Androidのアプリケーションにはどんなセキュリティ機構があるのでしょうか。いくつか見ていくことにしましょう。

 まずは、パーミッション(Permission)です。Androidアプリケーションの大きな特徴の一つに、Permissionによる権限付与というセキュリティ機能があります。アプリケーションの初期状態、何も権限を付与していない状態では、ネットワークやカメラなどのシステム機能やセンシティブな情報へのアクセスができません。

Manifestファイルの落とし穴

 もし、アプリケーションがインターネットに接続し、ファイルを送受信する場合、ネットワークに接続するための権限をユーザーに許可してもらわなければなりません。
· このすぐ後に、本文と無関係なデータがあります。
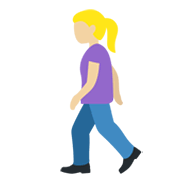 🚶🏼‍♀️ Emoji Fußgängerin: mittelhelle Hautfarbe Twitter Twemoji 12.0.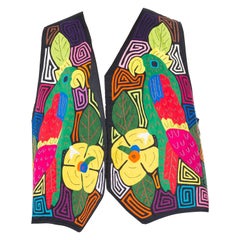 1980S Black Cotton Tropical Parrot Appliqué South American Vest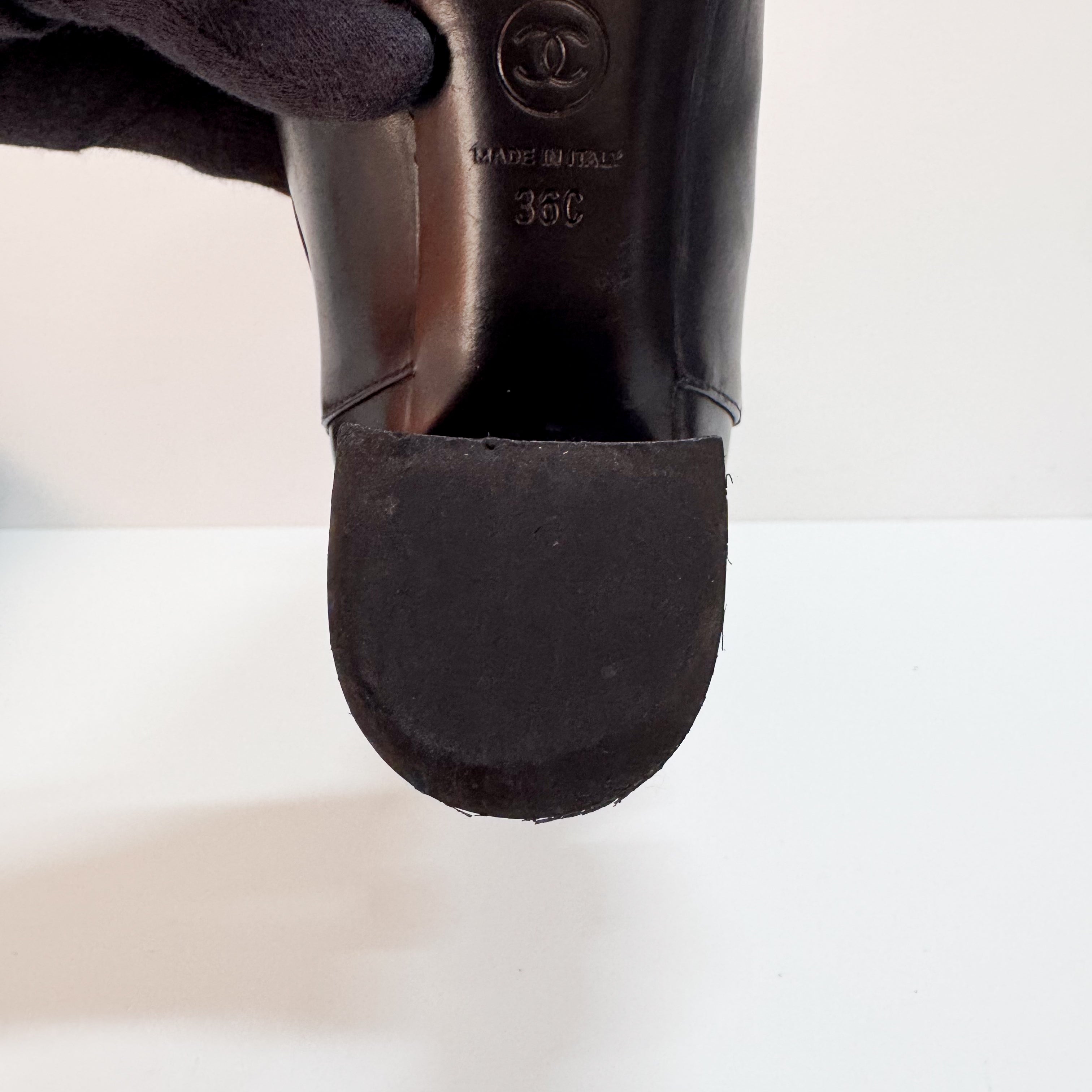 Black Leather Size 36 High Boots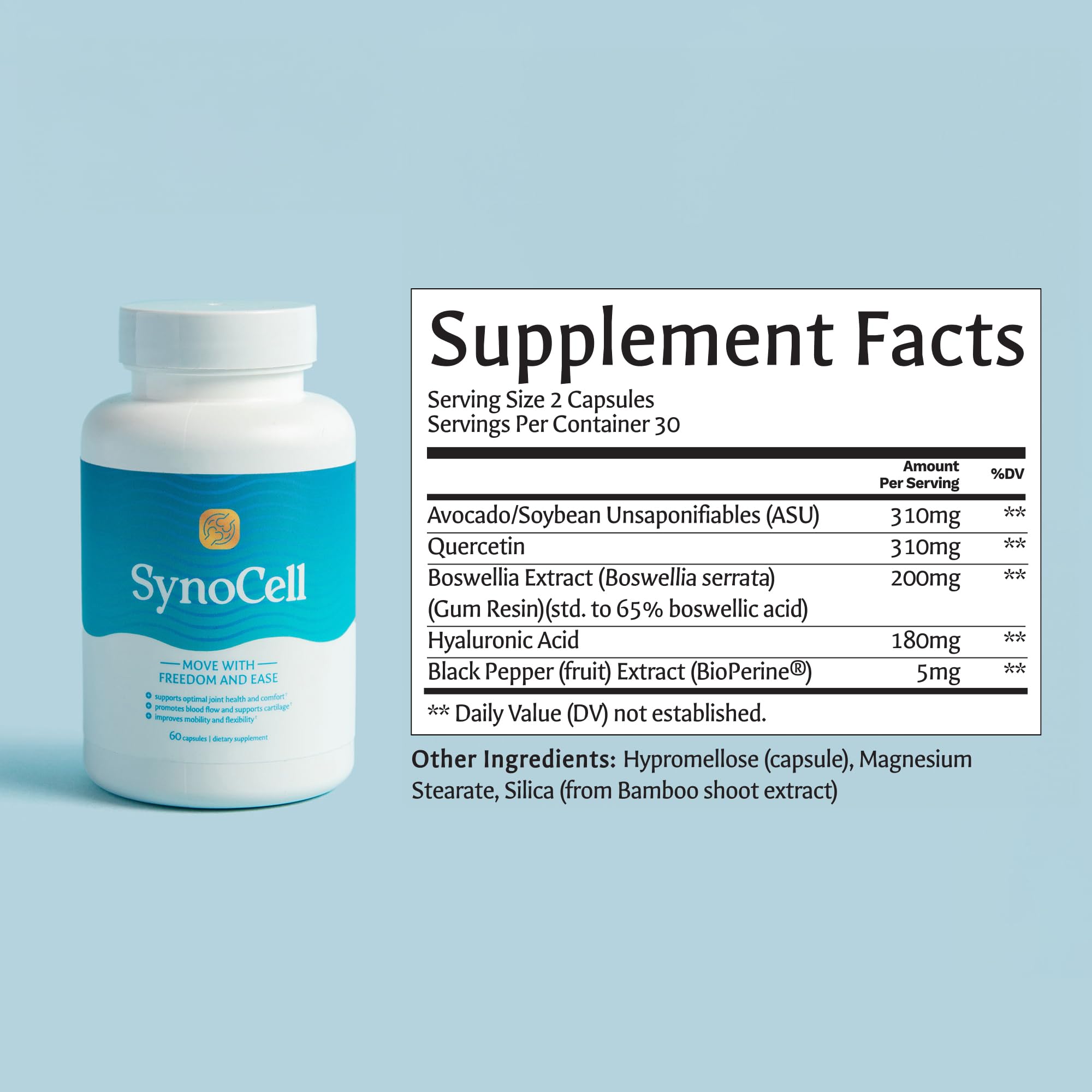 Synocell Joint Support with ASU, Quercetin, Boswellia & Hyaluronic Acid 2Pk | 2 Pack - Daily joint support supplement for women & men, for mobility, flexibility, cartilage support & comfort.1-pack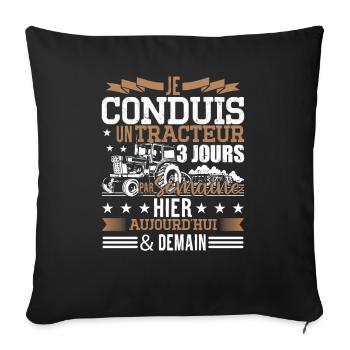 Drôle Tracteur Cadeaux - Housse de coussin décorative 45 x 45 cm - noir - Devant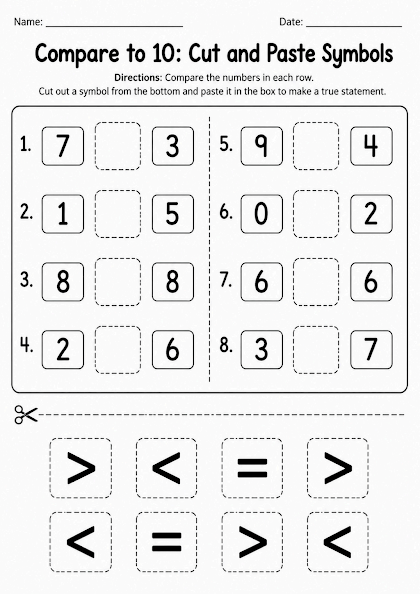Cut and Paste Symbols to 10 Worksheet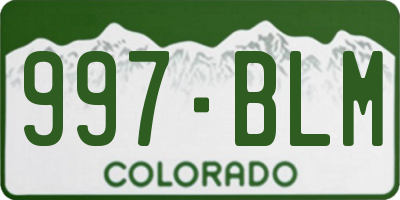 CO license plate 997BLM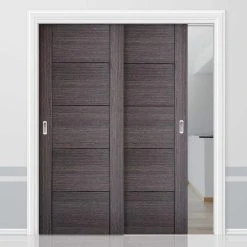 Pass-Easi Two Sliding Doors And Frame Kit - Vancouver Flush Ash Grey Door - Prefinished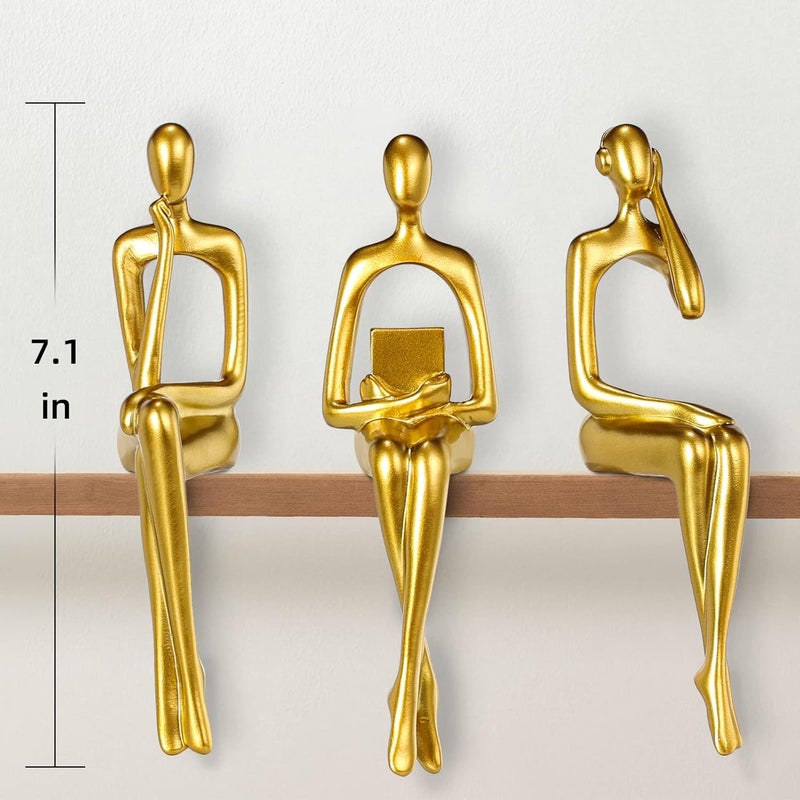 BMLCGJ Thinker Statue Gold Decor Abstract Art Sculpture, Golden Resin Collectible Figurines for Home Living Room Office Shelf Decoration,Great Gifts Ideas (Sitting Posture-Gold) - Image 2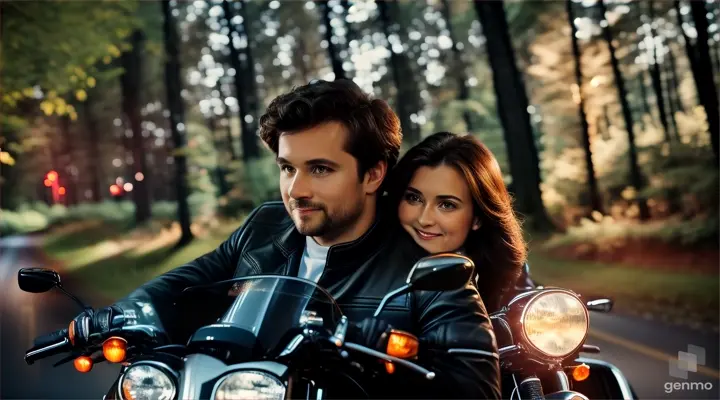 handsome husband Justin beautiful wife Alina with 6month kid going through a dense forest at midnight by his moter cycle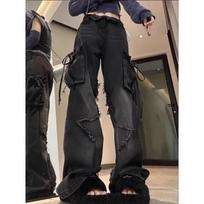 Moteriški juodi gotikiniai baggy Cargo džinsai su žvaigždute Harajuku Y2k 90s Estetinės džinsinės kelnės Emo 2000 Jean Kelnės Vintažiniai drabužiai S juoda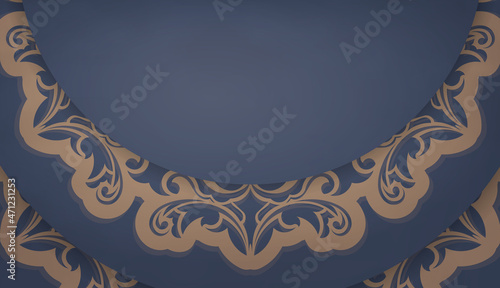 Background in blue with luxurious brown pattern for logo design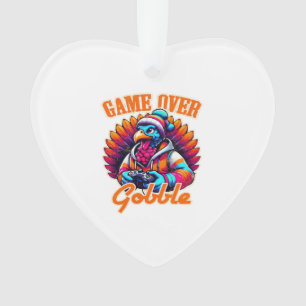 Stylized Hoodie Turkey Gamer with Distressed Orang Ornament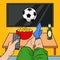Man with Remote Control Watching Football on TV in Living Room. Pop Art illustration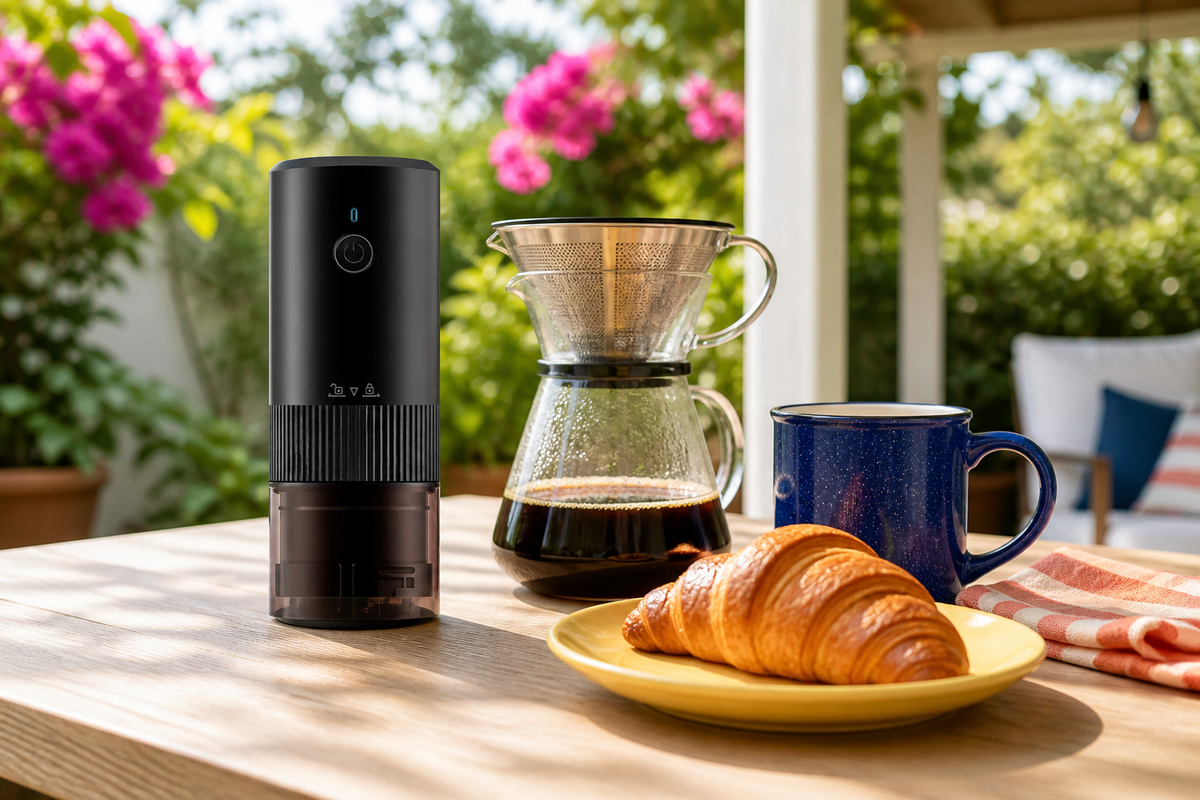 BeanMill Black grinder in a sheltered garden-patio coffee setting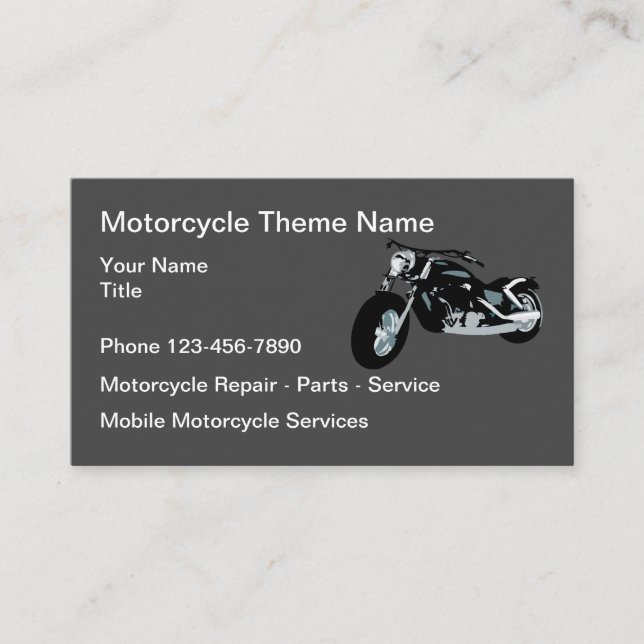 Motorcycle Repair Parts And Service Business Card (Front)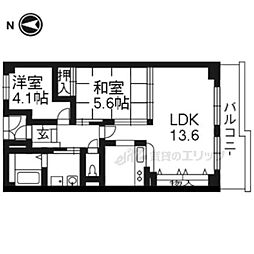 ミュー花水木弐番館 2LDKの間取図画像
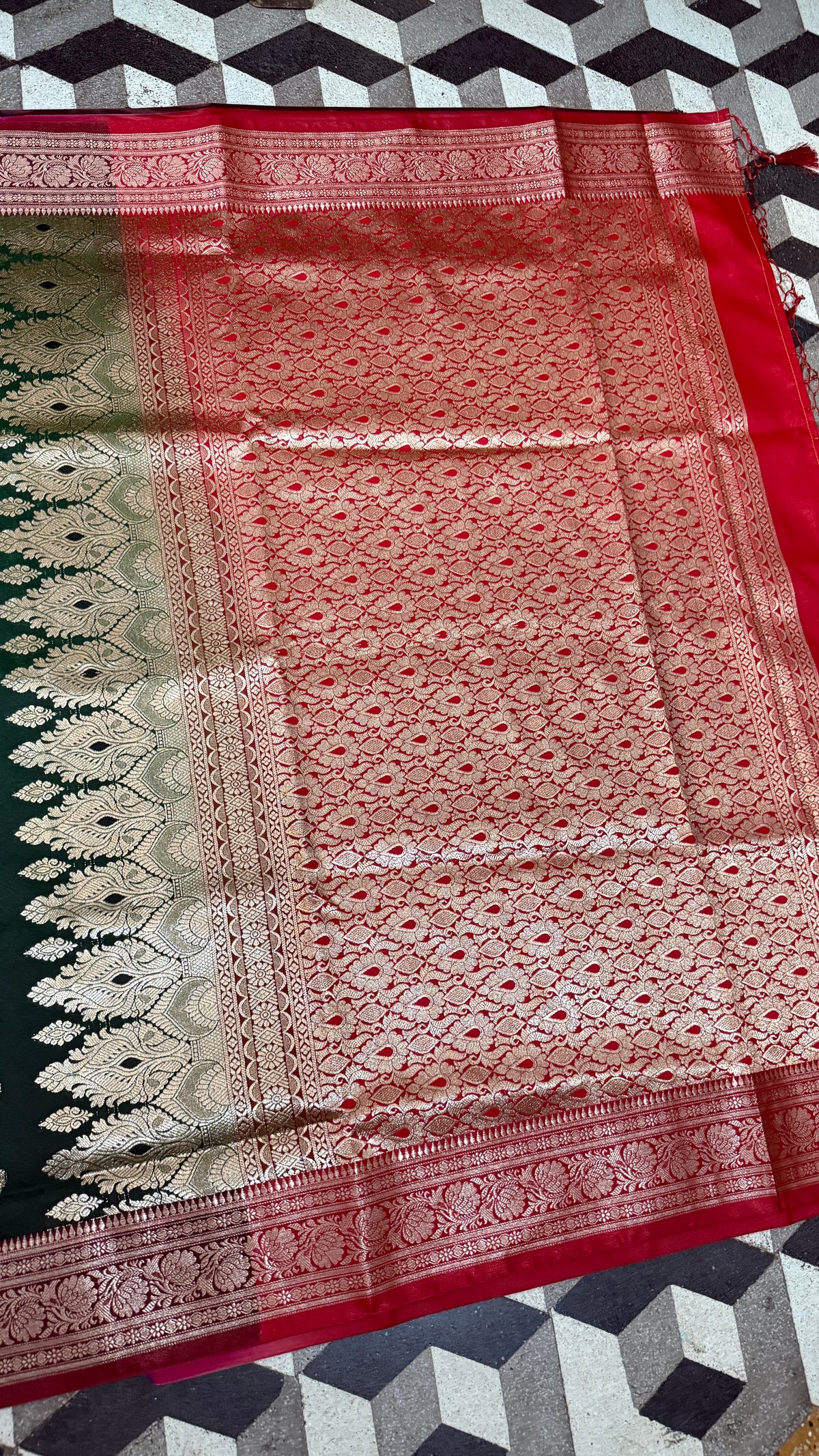 Emerald Green Banarasi Silk Saree, Rose Gold Zari Woven Border, Indian Wedding Festive Wear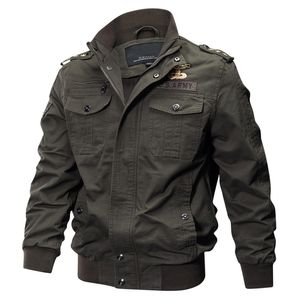 Plus Size Militar Bomber Jaqueta Homens Primavera Outono Casual Multi-Pocket Pilot Jackets Masculino Army Cargo Jaquetas Mens M-6XL 210723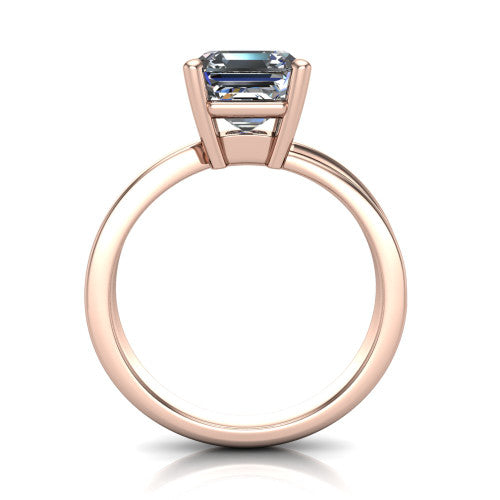 Alana Square Emerald Shape Classic Engagement Ring in 18K Rose Gold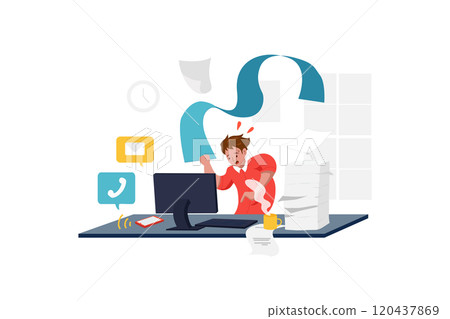 Male office worker overloaded with paperwork from computer, heap of business letters and online documents 120437869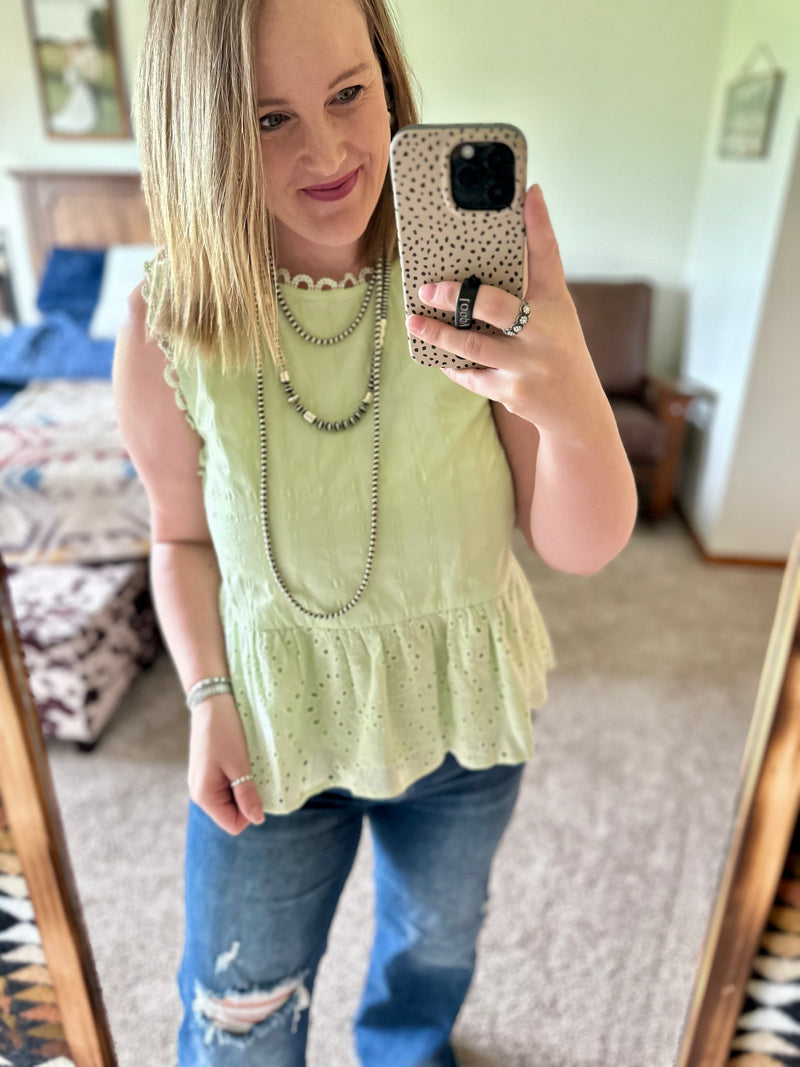 Mint Green Eyelet Tank Top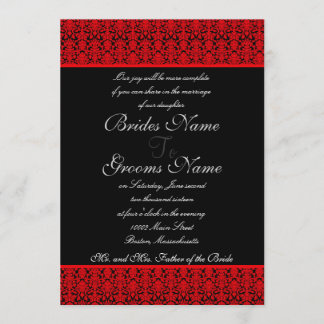 Invitations rouges et noires de mariage damassé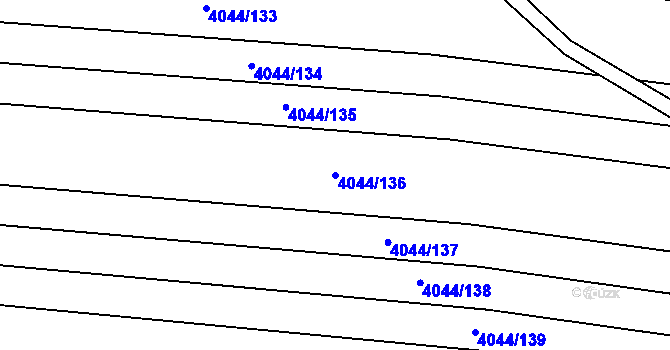 Parcela st. 4044/136 v KÚ Kyjov, Katastrální mapa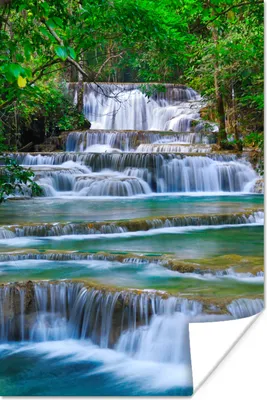 Produktbild von MuchoWow® Poster Wasserfall - Bäume - Natur - Dschungel 120x180 cm - Kunstposter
同様に、無線LANの情報を取得したい場合やカメラを使用したい場合、連絡先の情報にアクセスしたい場合などは、その権限をユーザーに許可してもらわなくてはなりません。これら権限を許可してもらって初めて、そのアプリケーションが起動できるような仕組みになっています。

 一つのアプリケーションには、複数の権限を付与できます。しかし、そのアプリケーションを使用するユーザーはそれら権限を個別に指定できません。例えば、インターネットへの接続は許可するが連絡先の情報へのアクセスは許可しない、といったことはできません。アプリケーションが求めている権限をすべて許可するかしないか、そのどちらかです。

 ユーザーが許可すると、アプリケーションを端末にインストールすることができ、アプリケーションを使用できるようになります。しかし、許可しない場合はそのアプリケーションをインストールすることはできません。

 Androidでは、多くの権限が用意されていて、開発者はアプリケーションが必要とする権限をAndroidManifest.xmlに記述します。図9の例では、インターネットへのアクセス、ネットワーク接続情報の取得、無線LAN接続情報の取得という三つの権限をユーザーに求めることになります。アプリケーションを開発していく上で権限は必要不可欠なものです。この機能を実装したい、あの機能を実装したいと考えていくと、場合によっては必要となるパーミッションが増えたり、この機能は不必要ということで減ったりすることがあります。そのたび、マニフェストファイルを変更していくことになります。人によってはこの作業が面倒、はじめからすべての権限を記述してしまえと思う人もいるかもしれません。しかし、これは誤りです。